** Problem description **
Lines from the one with "AngelaRose26 লাইভ চ্যাট রুম" up to and including the one with "Biden Political Galaxy S22 Skin" are to be copied exactly from the records below, without their pictures.

====

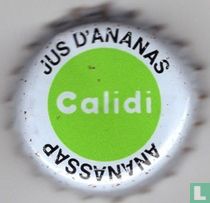 Calidi 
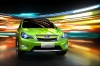 Subaru XV Concept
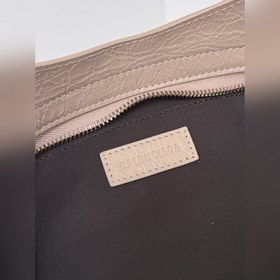 Balenciaga CITY EAST-WEST City East-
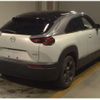 mazda mx-3 2022 CFJ1824262 image 2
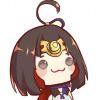 无名派蒙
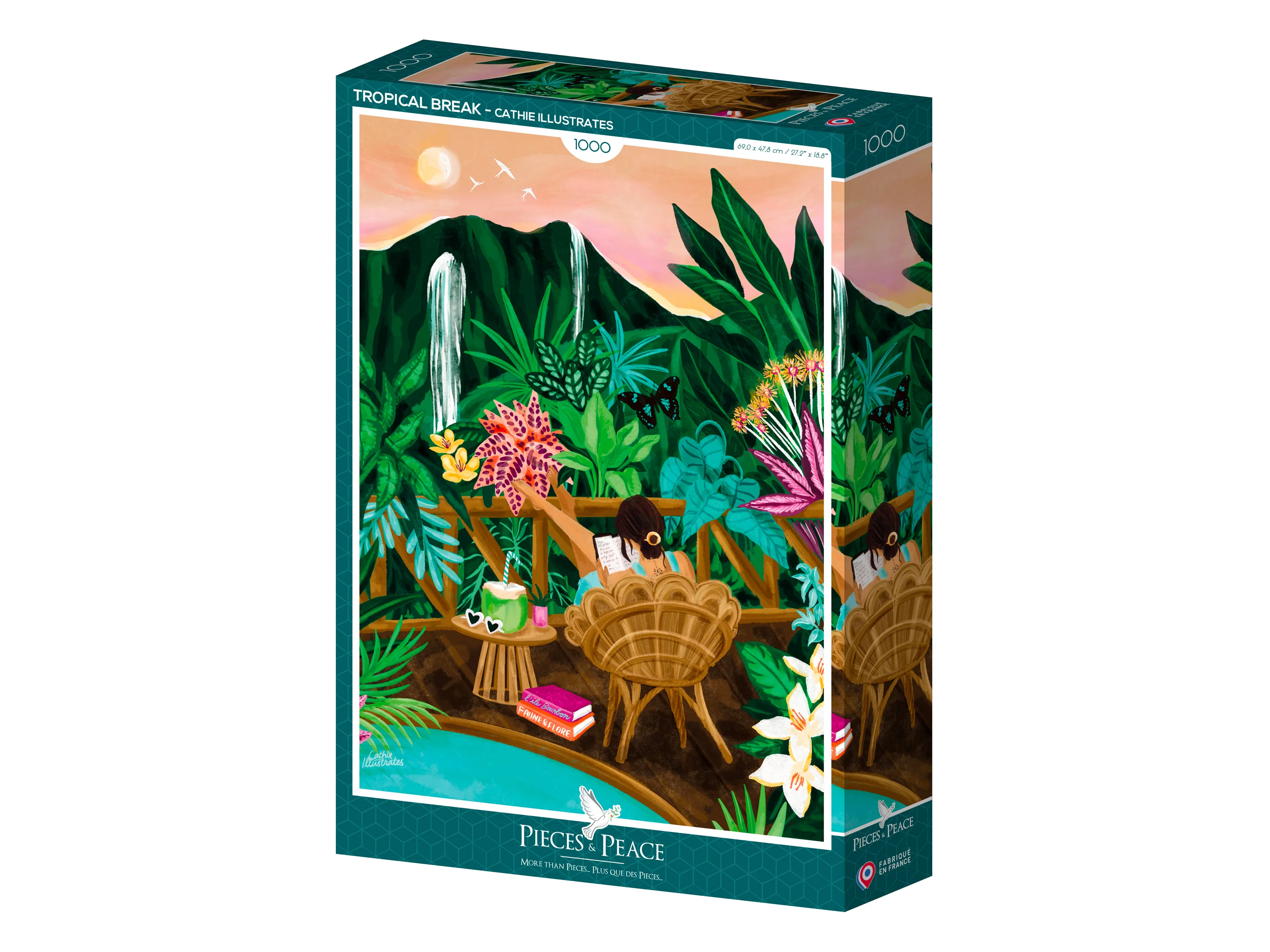 Image du produit 1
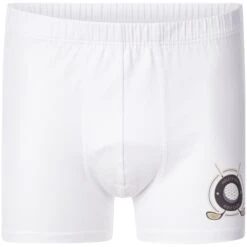 3er Pack Retropant ROMANTORRI -TrueMan Verkaufsgeschäft server 3639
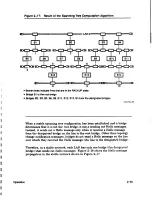 Preview for 88 page of Digital Equipment Lan Bridge 150 Technical Manual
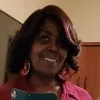 Jewel Clark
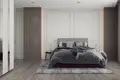 Дуплекс 4 комнаты 95 м² Муратпаша, Турция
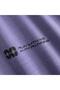 Men's T-shirt - 3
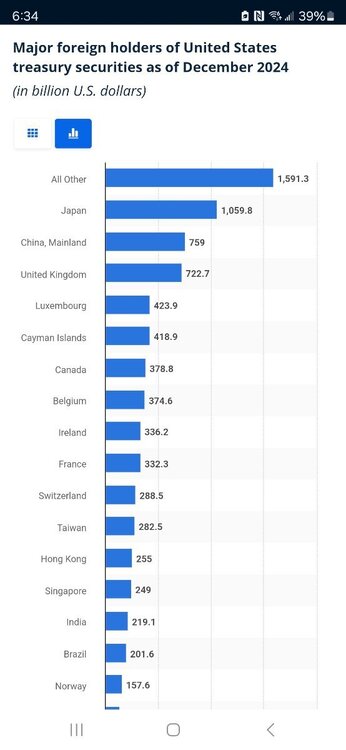 Screenshot_20250409_183416_Samsung Internet.jpg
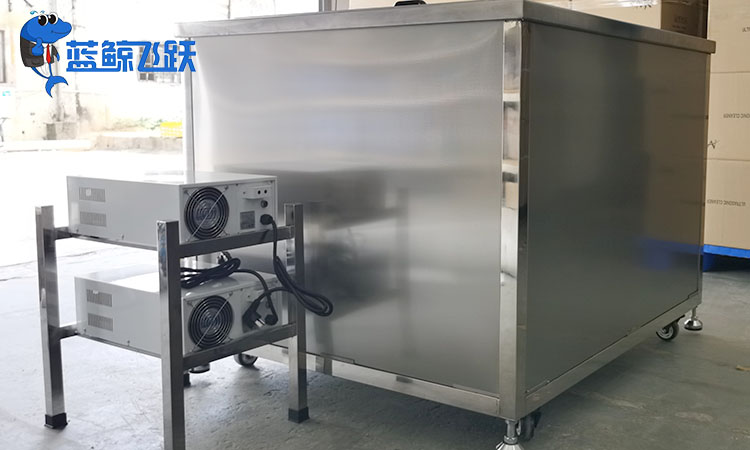 黄瓜视频看片洗黄金的清洁介质选择与应用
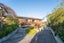 184C Otipua Road, West End, Timaru - Carousel 1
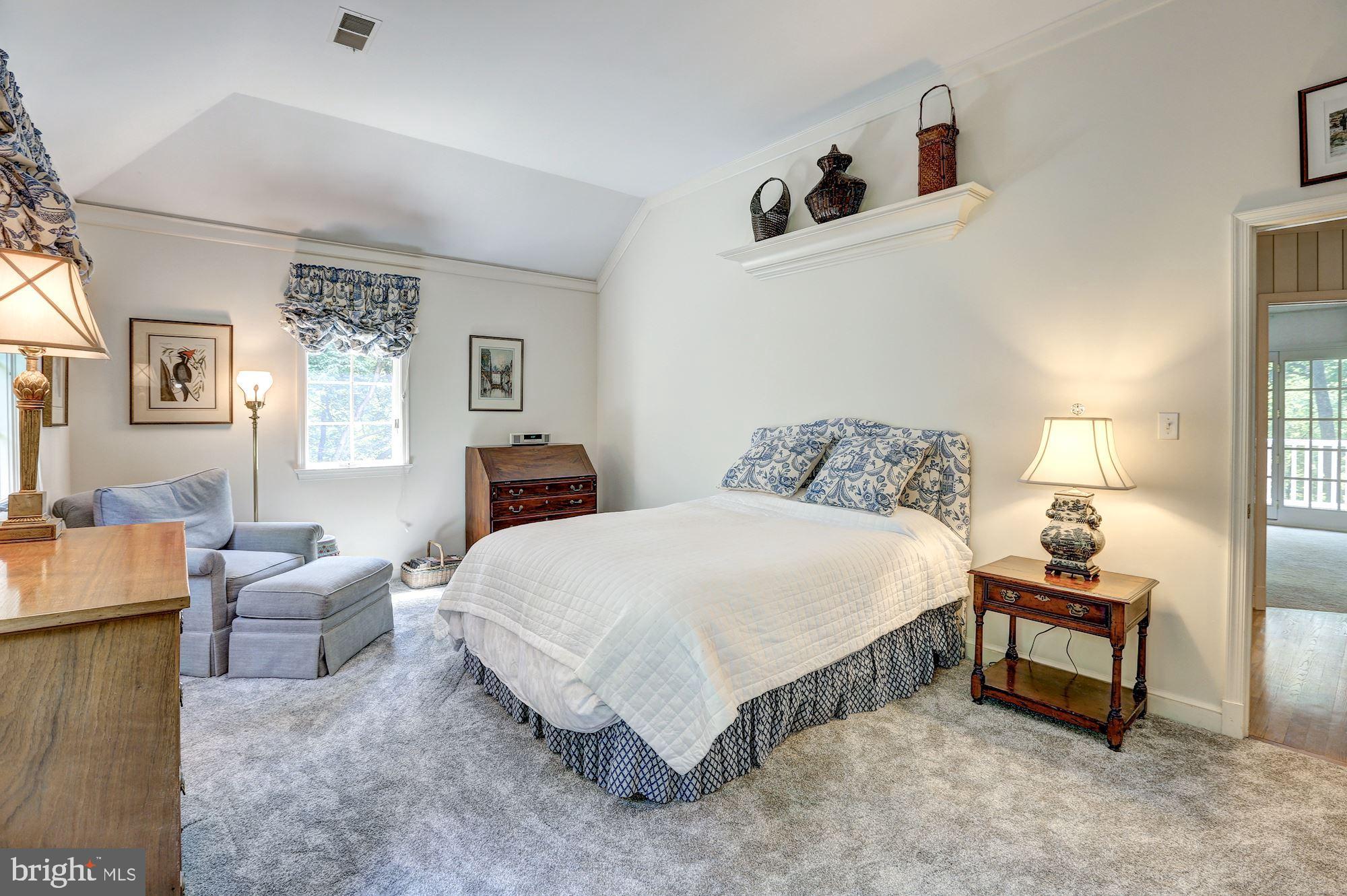 GREAT FALLS ESTATES - Residential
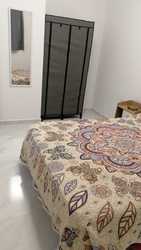 imagen de Penninsula Azul Condo- Llxtapa, Puerto Vallarta_3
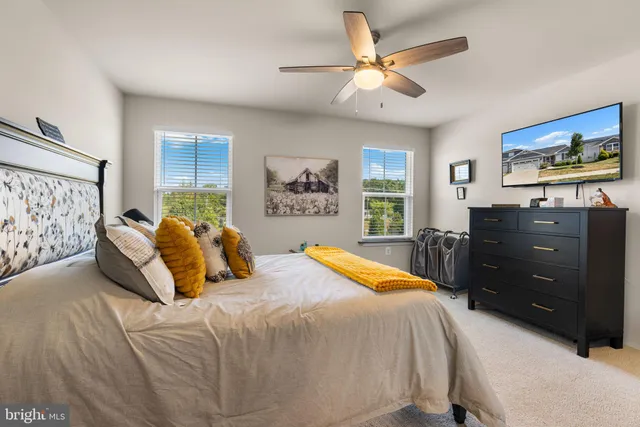 $396,000 | 35049 Mansours Drive, Locust Grove, VA 22508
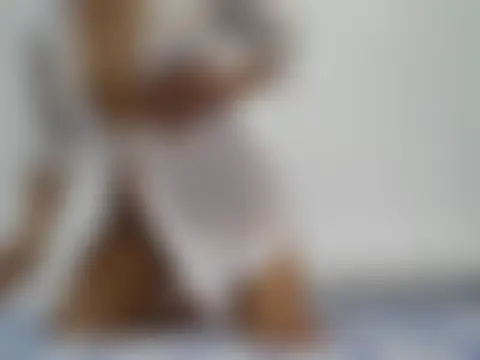 AngelaRose26 লাইভ চ্যাট রুম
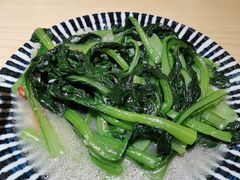 -越光米贩精致料理餐厅(金鹰店)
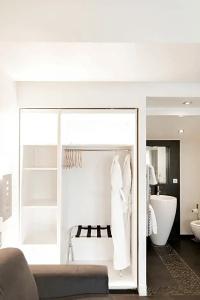 1K Paris - 124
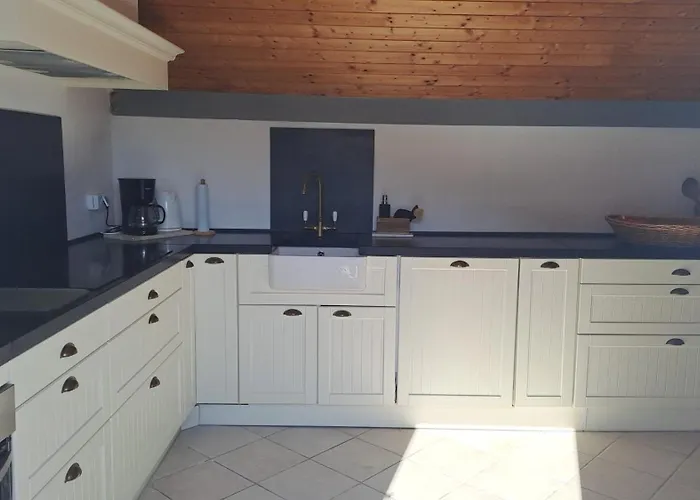 Ciovo Hébergement de vacances *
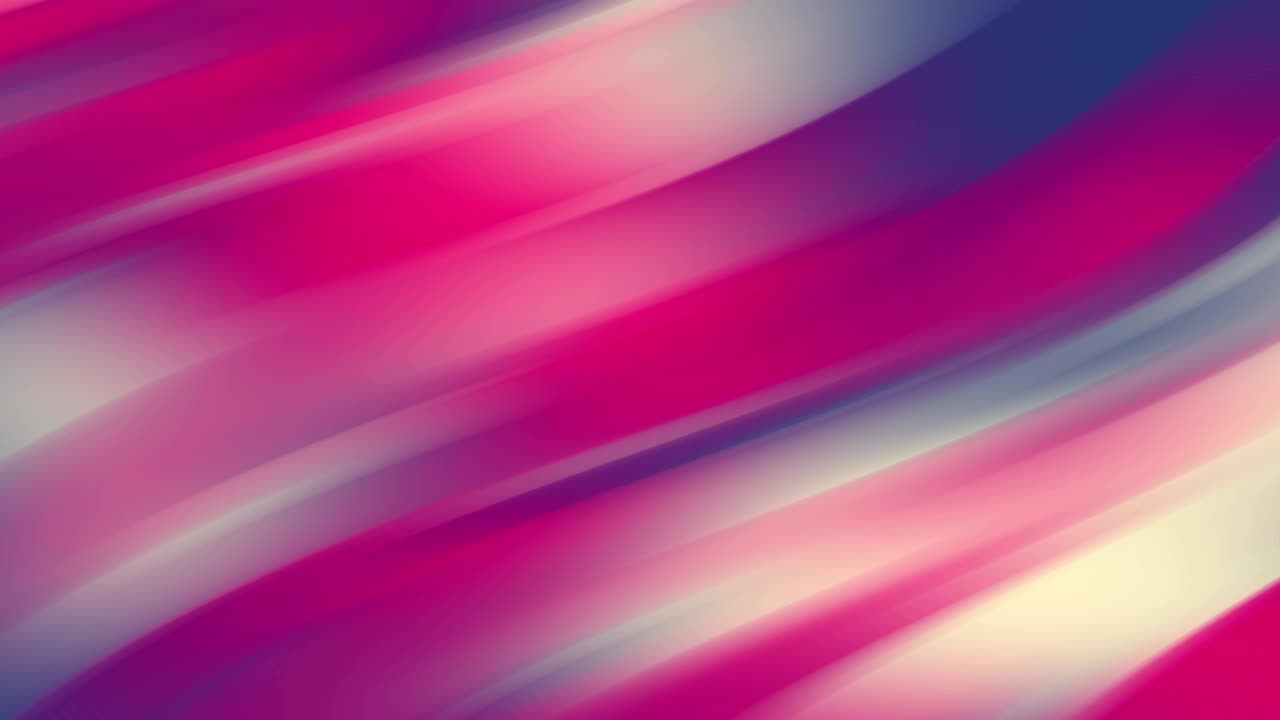 Fondo gradiente líquido abstracto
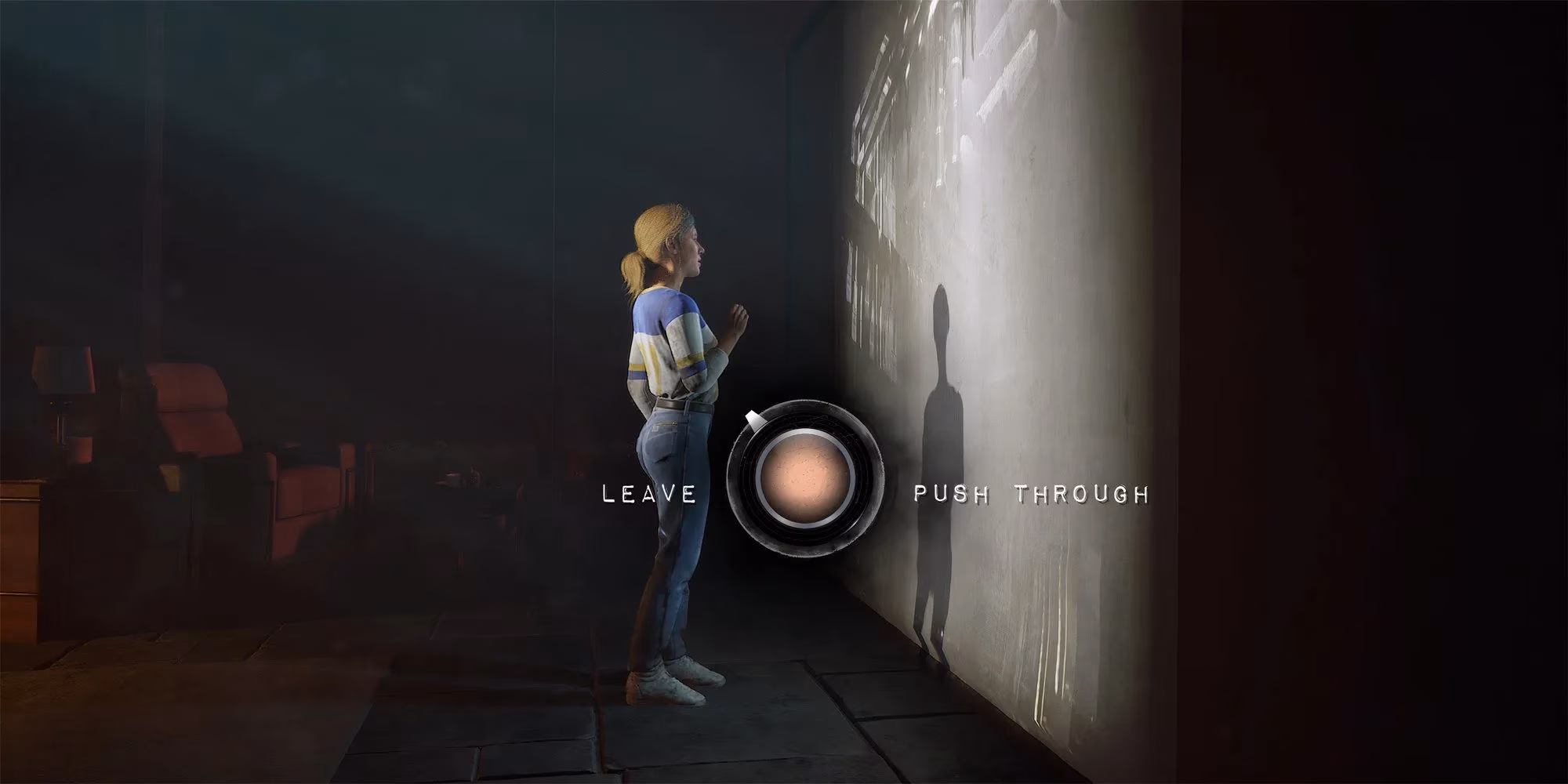 the-casting-of-frank-stone-5-game-changing-decisions-that-alter-your-horror-journey-image-2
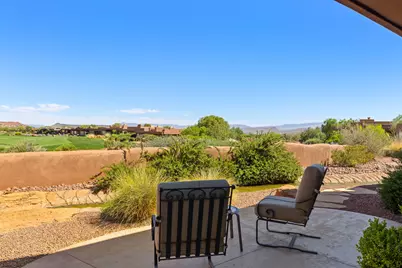2410 Entrada Trail #3, Saint George, UT 84770 - Photo 7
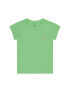 Polo Ralph Lauren Тишърт Spring I 311698703 Зелен Regular Fit - Pepit.bg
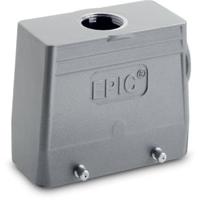 LAPP 79100400 Afdekkap M32 EPIC® H-B 16 5 stuk(s) - thumbnail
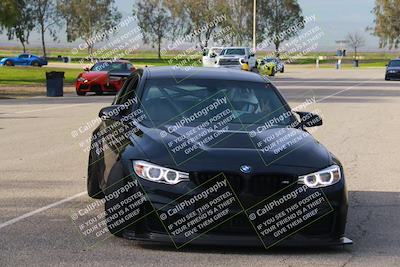 media/Jan-10-2026-Turn8 Trackdays (Sat) [[448b66da83]]/Around the Pits/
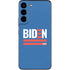 Biden Political Galaxy S22 Skin
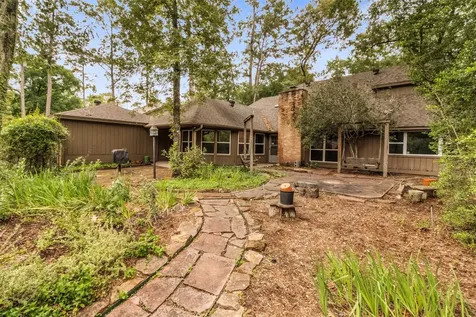 3238 Redwood Lodge Dr Drive Houston TX 77339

====

** Solution for this exercise **
 AngelaRose26 লাইভ চ্যাট রুম
 -越光米贩精致料理餐厅(金鹰店)
 1K Paris - 124
 Ciovo Hébergement de vacances *
 Fondo gradiente líquido abstracto
 the-casting-of-frank-stone-5-game-changing-decisions-that-alter-your-horror-journey-image-2
2410 Entrada Trail #3, Saint George, UT 84770 - Photo 7
 Polo Ralph Lauren Тишърт Spring I 311698703 Зелен Regular Fit - Pepit.bg
 LAPP 79100400 Afdekkap M32 EPIC® H-B 16 5 stuk(s) - thumbnail
 media/Jan-10-2026-Turn8 Trackdays (Sat) [[448b66da83]]/Around the Pits/
 Biden Political Galaxy S22 Skin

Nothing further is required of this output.